- _PROVIDED RECORDS_
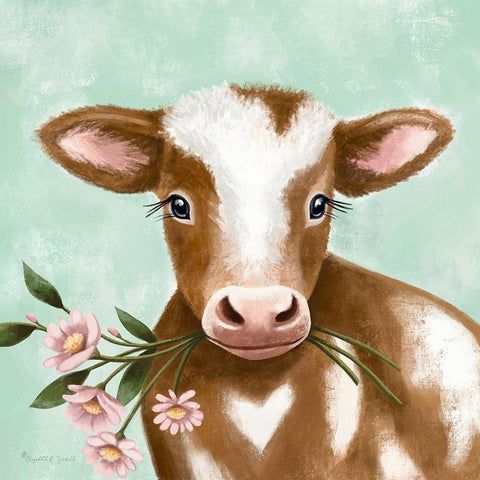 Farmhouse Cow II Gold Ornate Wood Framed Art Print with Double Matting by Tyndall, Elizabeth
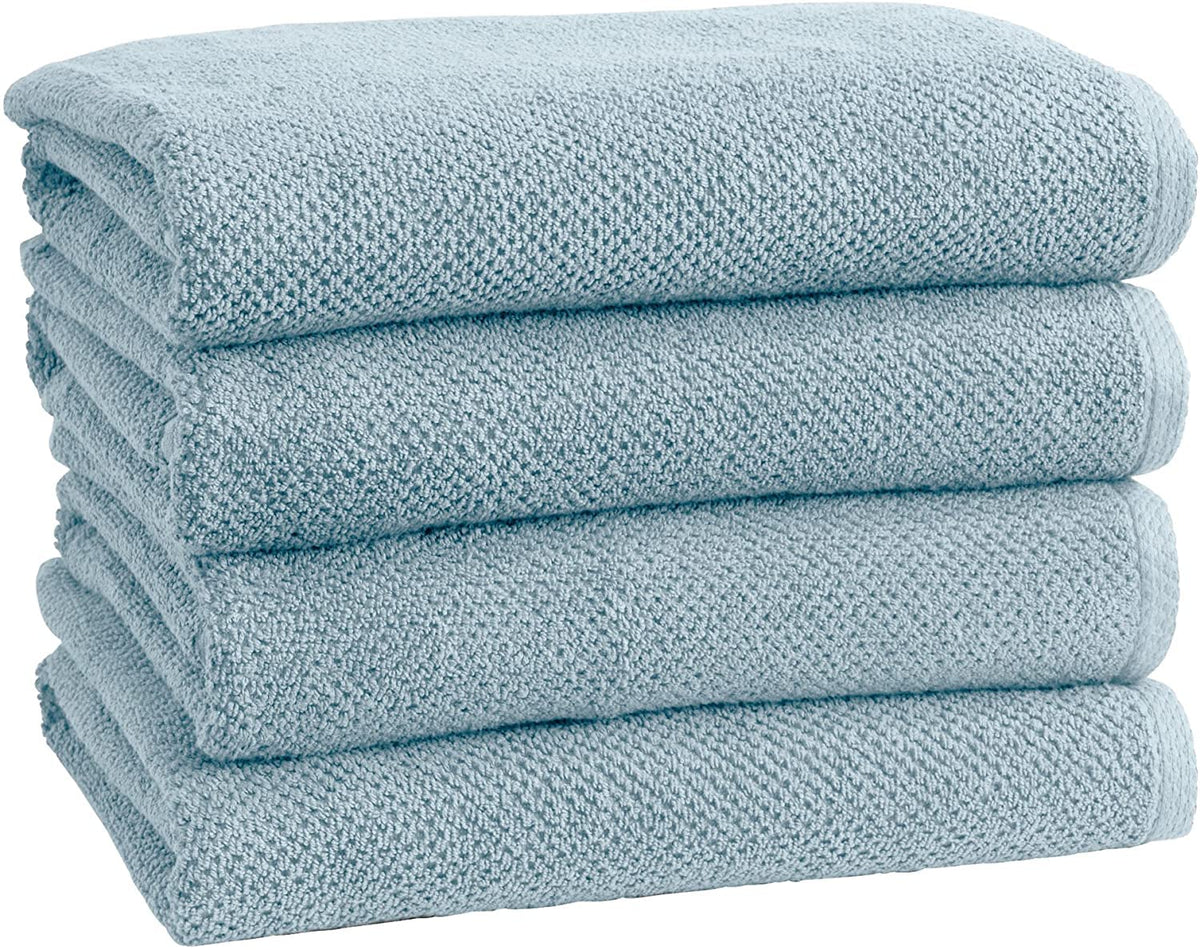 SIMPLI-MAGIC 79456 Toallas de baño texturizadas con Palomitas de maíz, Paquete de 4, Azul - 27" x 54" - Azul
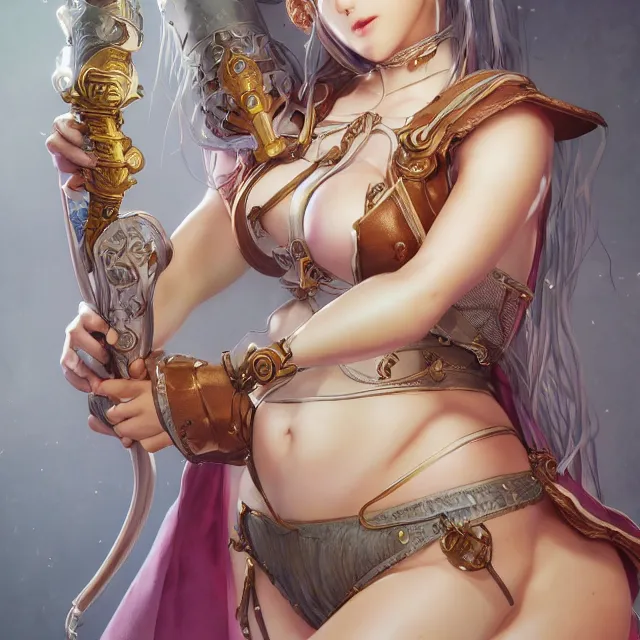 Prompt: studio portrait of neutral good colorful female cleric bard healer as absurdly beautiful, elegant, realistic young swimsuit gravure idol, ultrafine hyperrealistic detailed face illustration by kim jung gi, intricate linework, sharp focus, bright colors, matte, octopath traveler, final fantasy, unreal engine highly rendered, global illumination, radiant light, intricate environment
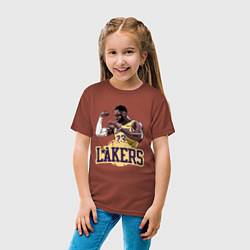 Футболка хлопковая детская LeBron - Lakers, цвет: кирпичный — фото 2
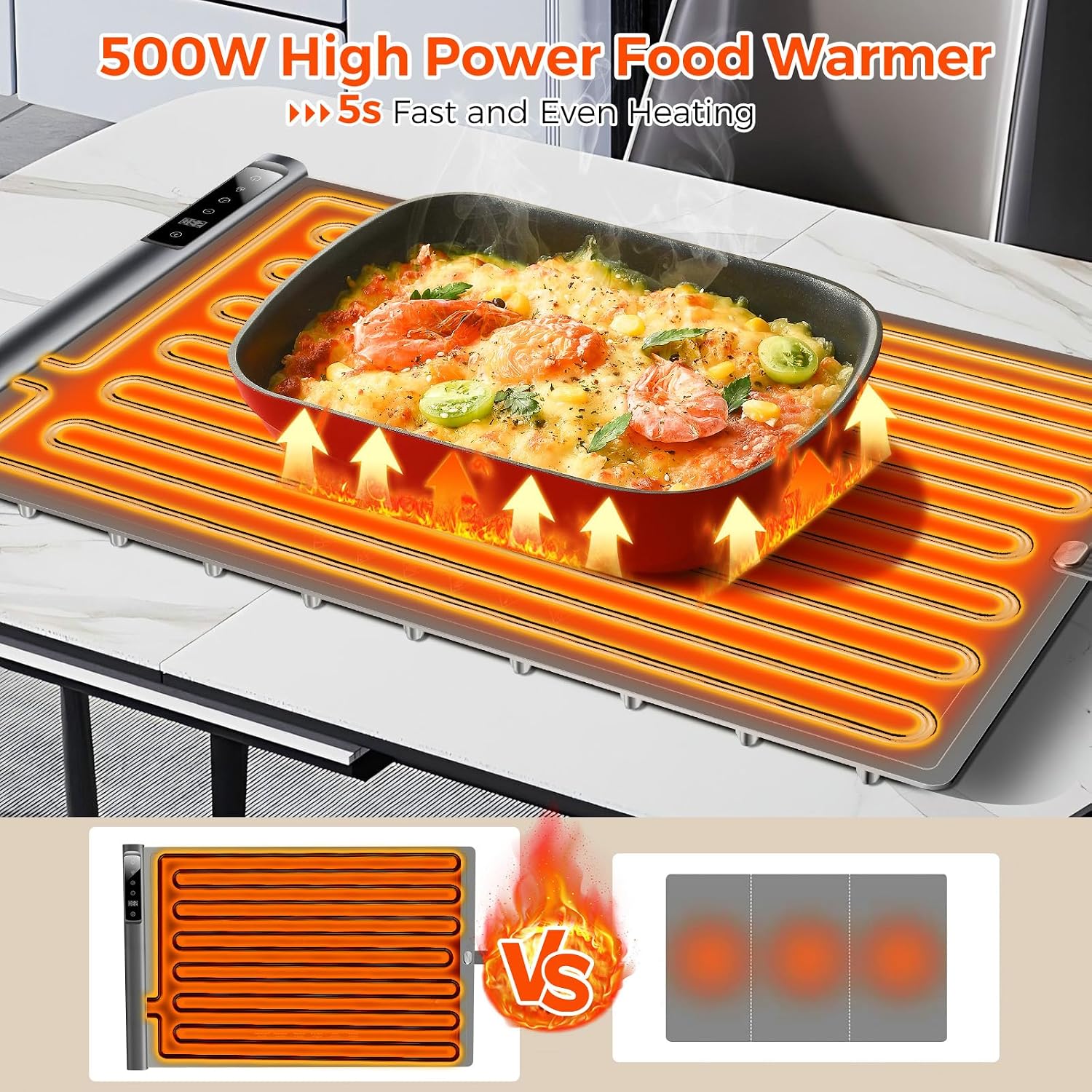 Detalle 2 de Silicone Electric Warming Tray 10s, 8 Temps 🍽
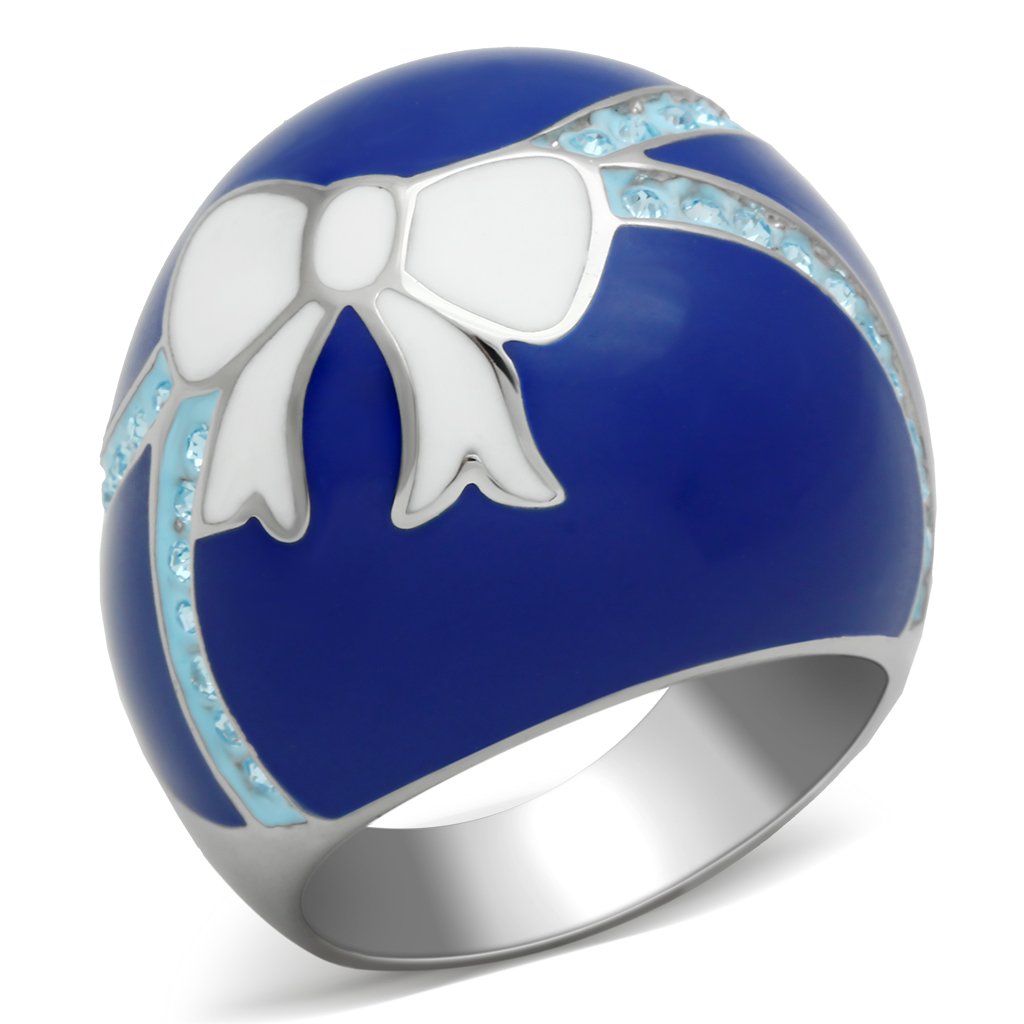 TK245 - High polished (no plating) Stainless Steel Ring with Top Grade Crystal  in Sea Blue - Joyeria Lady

- _YOUR ASSIGNMENT_
Return the records above exactly, without the pictures.

- _SOLUTION FOR THIS PROBLEM_
 Farmhouse Cow II Gold Ornate Wood Framed Art Print with Double Matting by Tyndall, Elizabeth
 SIMPLI-MAGIC 79456 Toallas de baño texturizadas con Palomitas de maíz, Paquete de 4, Azul - 27" x 54" - Azul
 Prompt: studio portrait of neutral good colorful female cleric bard healer as absurdly beautiful, elegant, realistic young swimsuit gravure idol, ultrafine hyperrealistic detailed face illustration by kim jung gi, intricate linework, sharp focus, bright colors, matte, octopath traveler, final fantasy, unreal engine highly rendered, global illumination, radiant light, intricate environment
 Футболка хлопковая детская LeBron - Lakers, цвет: кирпичный — фото 2
 Detalle 2 de Silicone Electric Warming Tray 10s, 8 Temps 🍽
 TK245 - High polished (no plating) Stainless Steel Ring with Top Grade Crystal  in Sea Blue - Joyeria Lady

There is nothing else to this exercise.